Your second function returns a Promise which means it does the action asynchronously. In other words, the return value from second is not the returned object, but instead a promise to let you know when the returned object is ready. The .then function is going to get called with the result is ready, but you're not waiting for that.

There are a couple of ways to handle this but all mean that your top function (first) needs to act asynchronously also. Since second returns a Promise object, it's best if first carries on in that way too, so could look something like this:

function first() {
  const array = [];
  const promises = [];
  for(int i=0; i<10; i++)
  {
    promises.push(second(i/* to be processed*/).then((returnedObject) => 
    {
      array.push(returnedObject);
    }));
  }
  return Promise.all(promises).then(() => array);
}

This is collecting all of the promises returned by calls to second and then returns one Promise object itself that waits for all of the 10 promises to finish, then returns the array that's been constructed.

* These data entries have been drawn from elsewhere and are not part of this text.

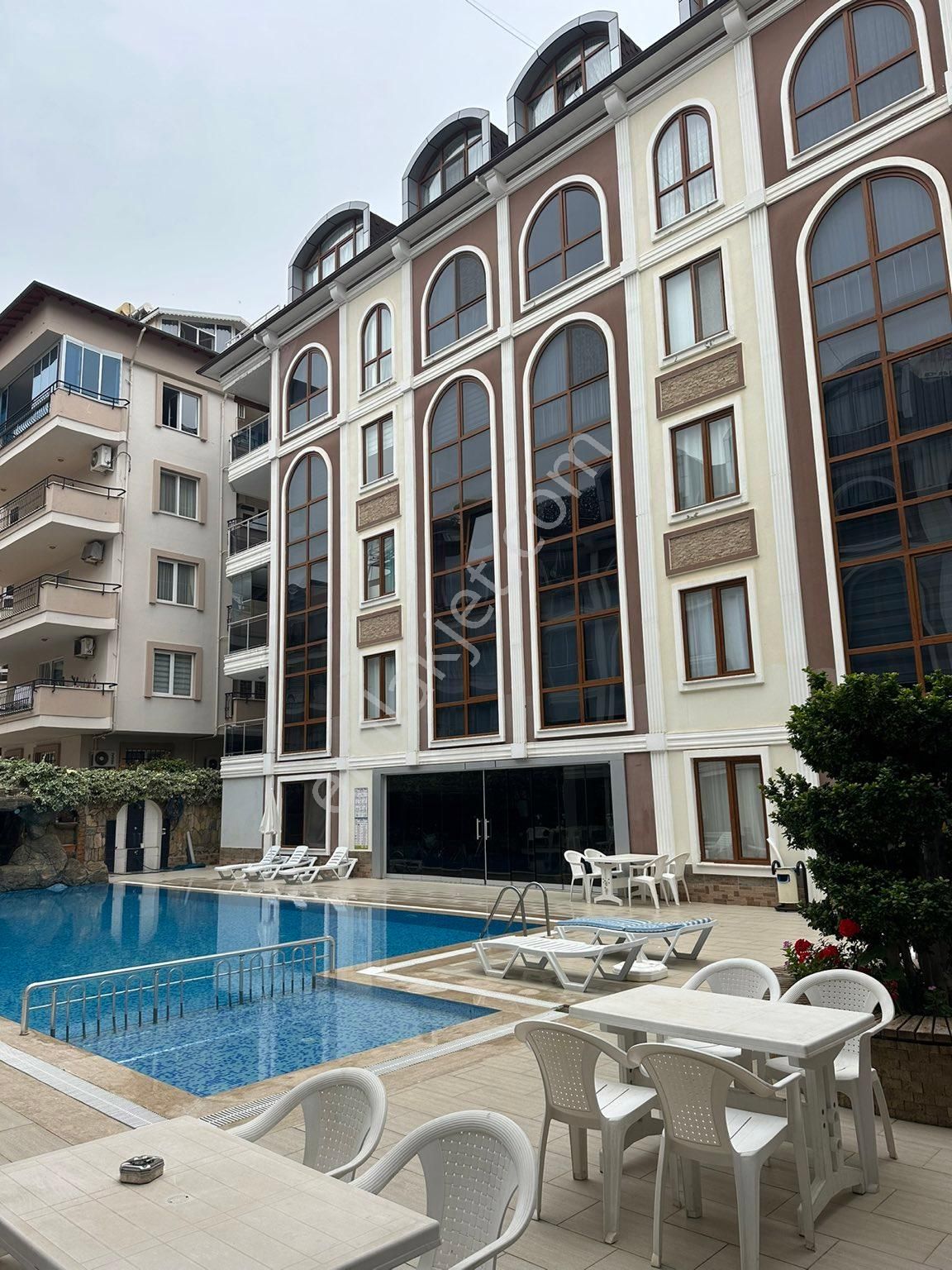 Alanya Oba Satılık Daire ACİL SATILIK ÇOK ŞAHANE 3+1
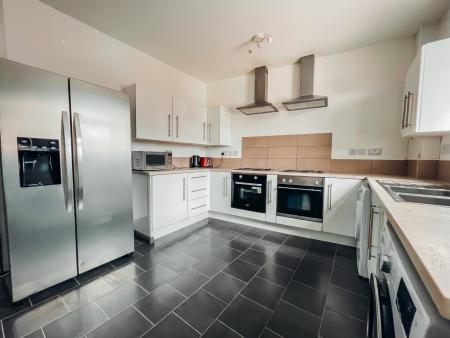 7 bed student house to rent on High Street, Loughborough, LE11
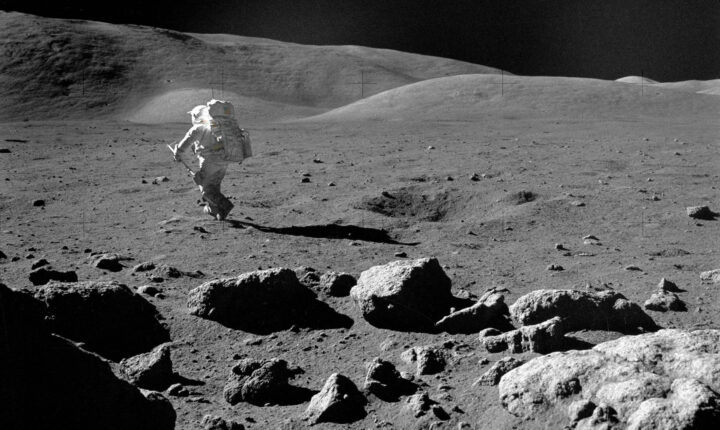 Cientistas querem descobrir se há detritos de civilizações alienígenas na Lua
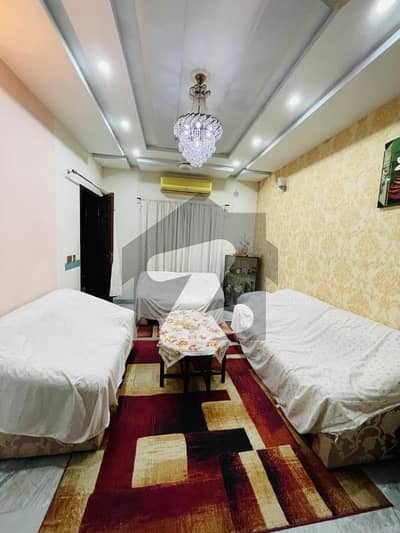 آرکیٹیکٹس انجنیئرز ہاؤسنگ سوسائٹی لاہور میں 3 کمروں کا 10 مرلہ بالائی پورشن 75.0 ہزار میں کرایہ پر دستیاب ہے۔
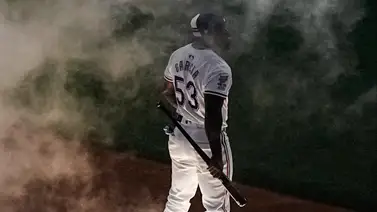 MLB: ¡Increíble! Así recibieron al cubano Adolis García en el Home Run Derby (+Video) MLB: ¡Increíble! Así recibieron al cubano Adolis García en el Home Run Derby (+Video)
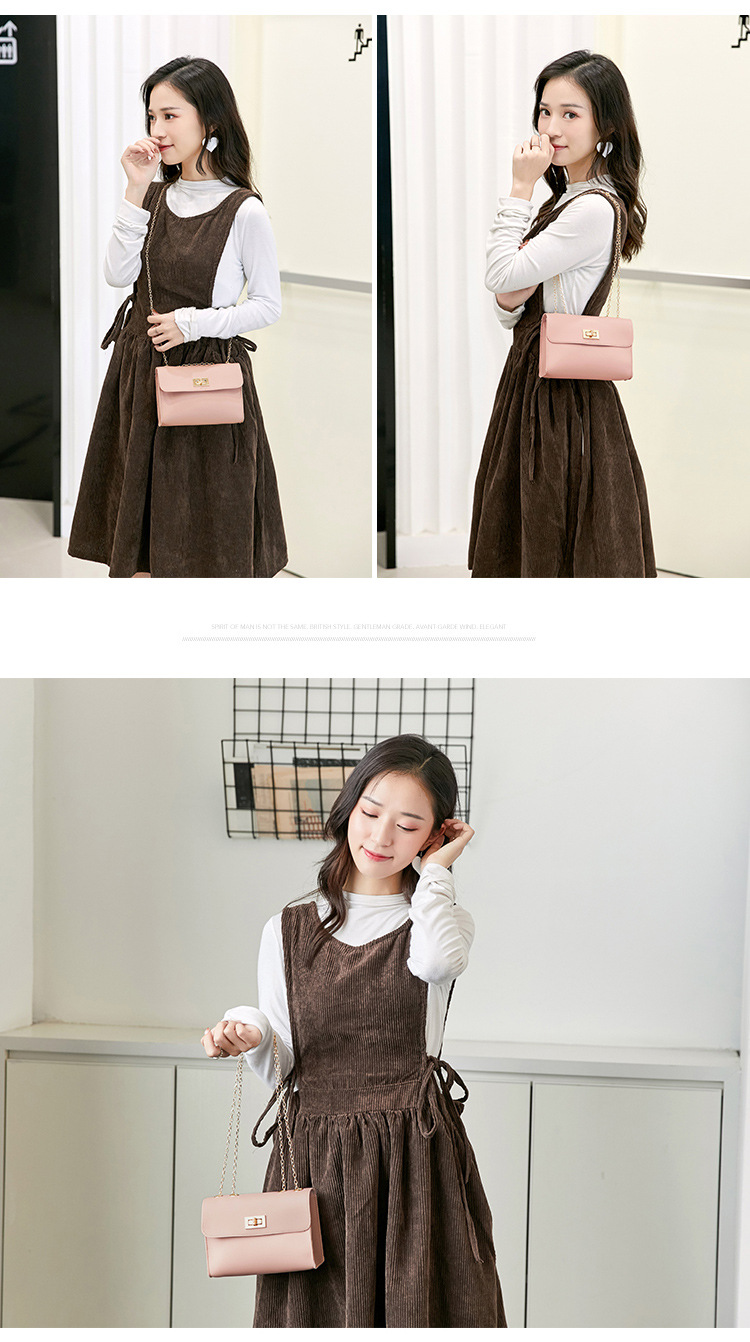 Fashionable Chain Shoulder Bag - Red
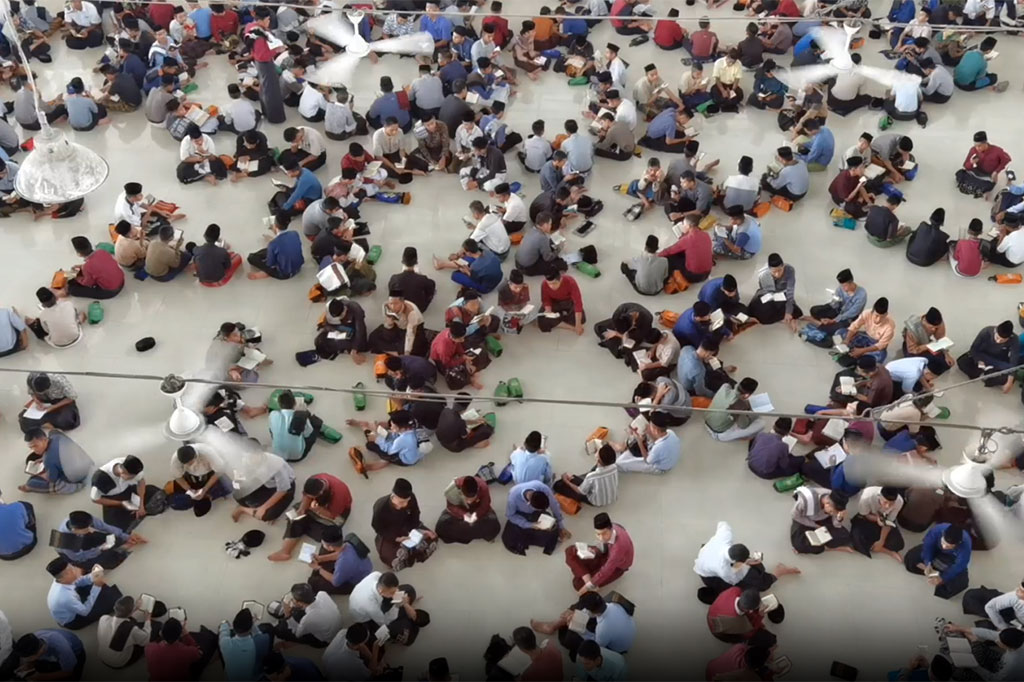 Formasi lingkaran bukan hanya sekedar membentuk lingkaran, tapi formasi ini memiliki tujuan, yakni agar sesama santri saling mengkoreksi bacaan Alquran satu sama lain ketika terdapat kesalahan atau pembacaan kalimat yang kurang tepat.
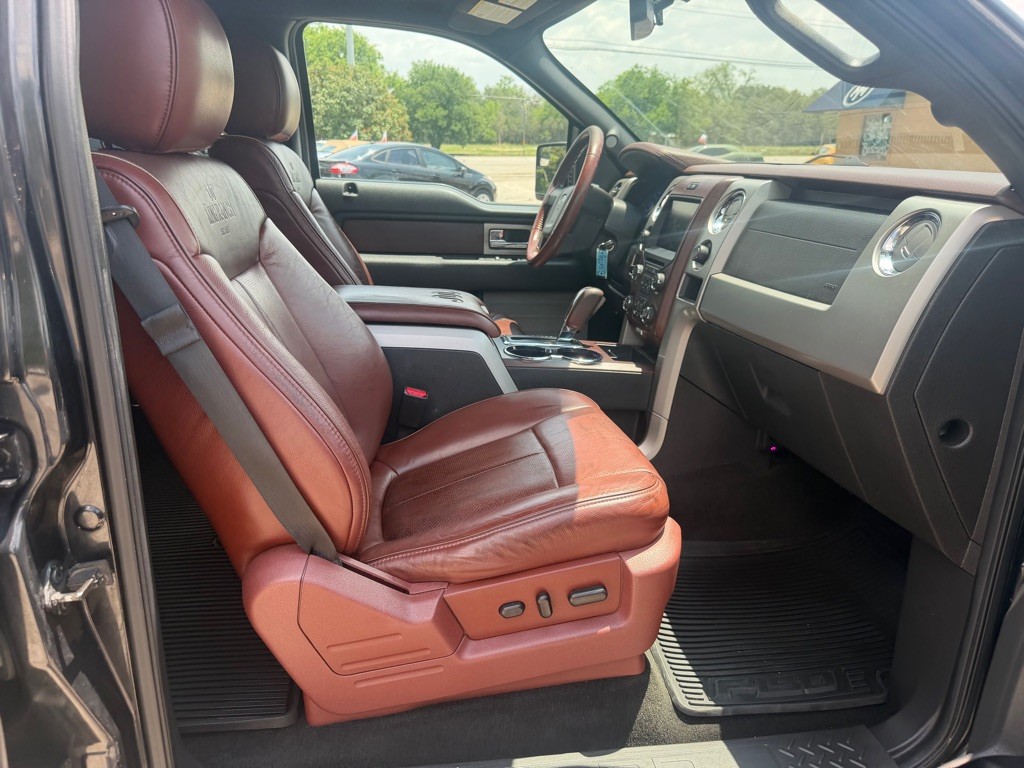 Ford F-150 Vehicle Full-screen Gallery Image 15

Note that this means first now returns a Promise too, and would have to be called in this way:

first().then(theArray => {
  // do something with the array
  console.log("array length:",theArray.length);  // should be 10
});

Another way is to use async/await which makes the code easier to follow:

async function first() {  // <-- declare the function as async
  const array = [];
  for(int i=0; i<10; i++)
  {
    // use 'await' to wait for second's returned object
    const returnedObject = await second(i/* to be processed*/);
    array.push(returnedObject);
  }
  return array;
}

Note that it still makes first return a Promise (as all async functions do) but it's much easier to follow.